Sunday, March 23, 2014

Martin Heidegger



Michael Gillespie provides the essay on the last philosopher covered in History of Political Philosophy, Martin Heidegger, who is perhaps the most controversial philosopher covered in the book due to his association with Nazism. For Gillespie, Heidegger was the first philosopher since Plato and Aristotle to seriously consider the idea of Being. It needs to be noted that Heidegger claimed his thought had no political bearings, but despite this he can still be called a political philosopher because of his affiliation with Nazism, which bears some discussion and more importantly, because of his concern with nihilism.

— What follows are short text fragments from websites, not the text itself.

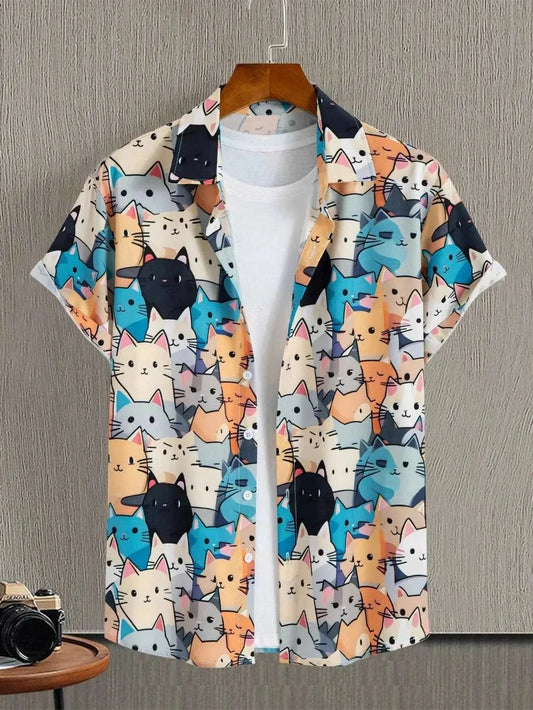 Unisex Fashion Cute Cat Print Casual Wear for Men - Next Level
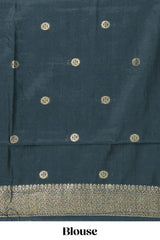 Maroon zari motifs design banarasi silk saree with contrast zari border and buttas blouse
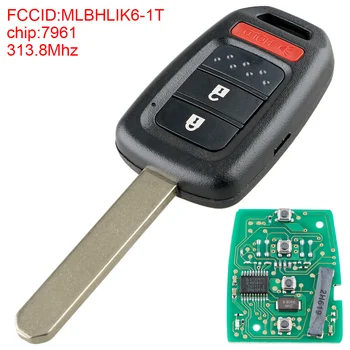 313,8 МГц 2 + 1 Кнопки дистанционного ввода ключа Автомобиля Fob Uncut Автомобильный Дистанционный ключ с чипом PCF7961 MLBHLIK6-1T для Honda CR-V 2013 2014 2015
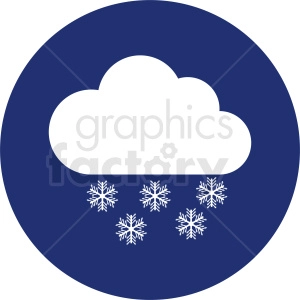 snow cloud vector clipart on circle background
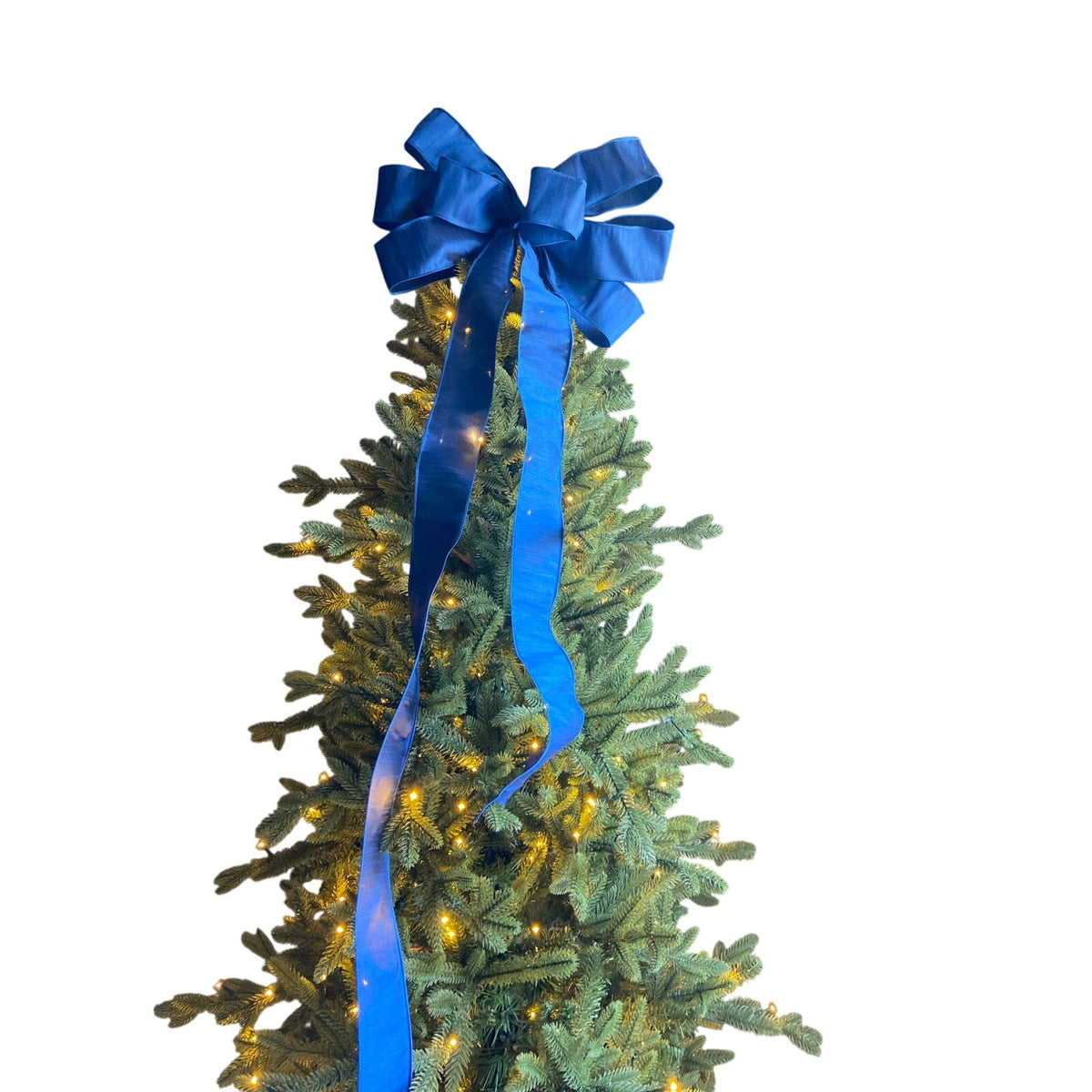 Royal Blue Silk Christmas Tree Topper Bow, Holiday Decor, Blue Tree Topper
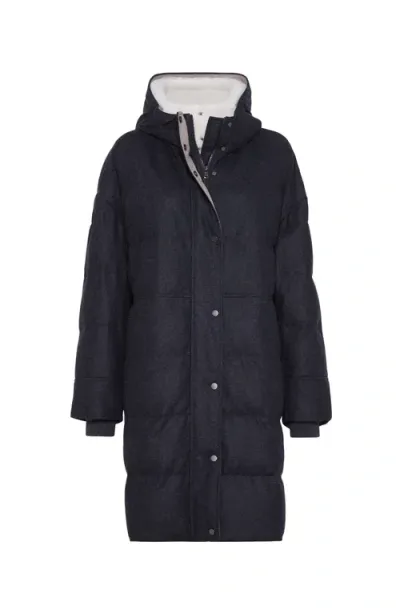 Brunello Cucinelli Virgin Wool Flannel Down Parka With Detachable Shearling Insert And Shiny Zipper  In Black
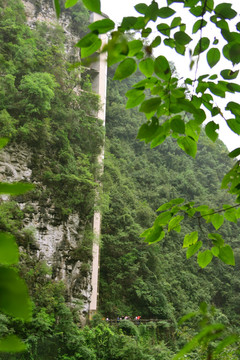 龙水峡地缝 观光电梯 天梯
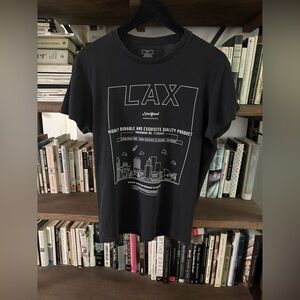 EUC 100% Cotton Black and White New Breed LAX  Breakup Vintage Graphic Tee M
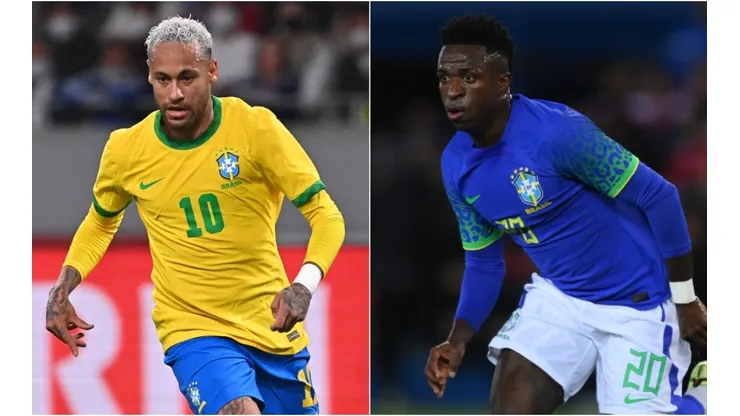 Neymar Jr. (left) and Vinicius Junior of Brazil.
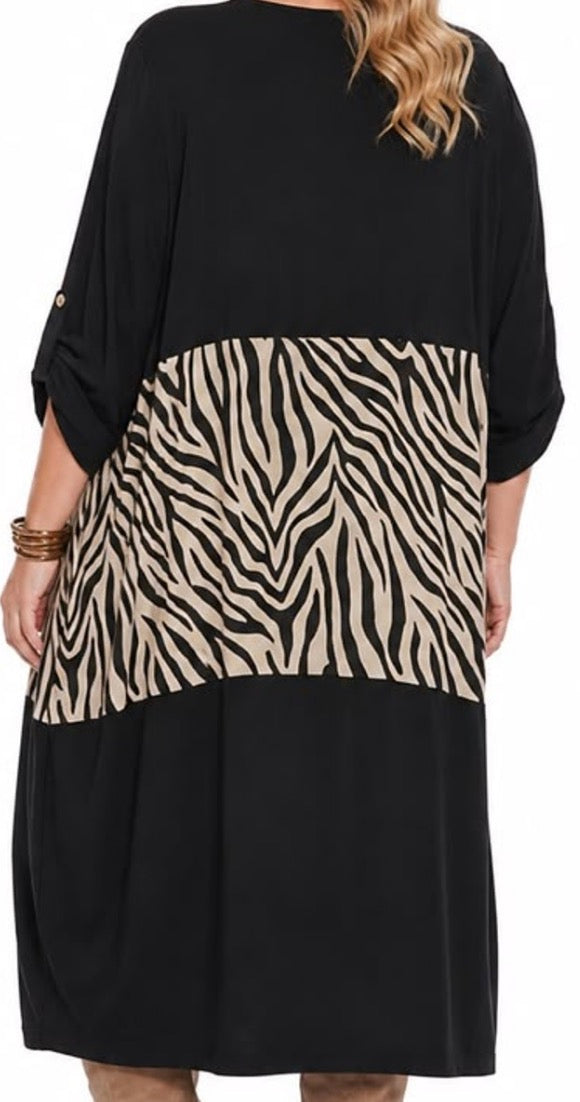 Robe Tunique Grande Taille – Imprimé Zèbre Chic Automne-Hiver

In particular, Heidegger was concerned with the idea of metaphysical nihilism as this did away with the ground of Being and through this idea, there could be no absolute truth. An outgrowth of metaphysical nihilism is moral nihilism which does away with fundamental moral laws. Heidegger sees two possible consequences of moral nihilism. The first of these consequences is banal hedonism. The second of these consequences of these consequences is the destructive desire to destroy everything. This is important because for Heidegger, at the root of nihilism was a misunderstanding of the idea of Being. This misunderstanding is itself rooted in the Platonic conception of Being as eternal presence. While the growth of nihilism might be a disaster, it can also be used to lay the foundation for a new foundation of the conception of Being that better understands the nature of Being. For Heidegger, Being cannot be simply understood unchanging, but must be viewed in history as Being in history.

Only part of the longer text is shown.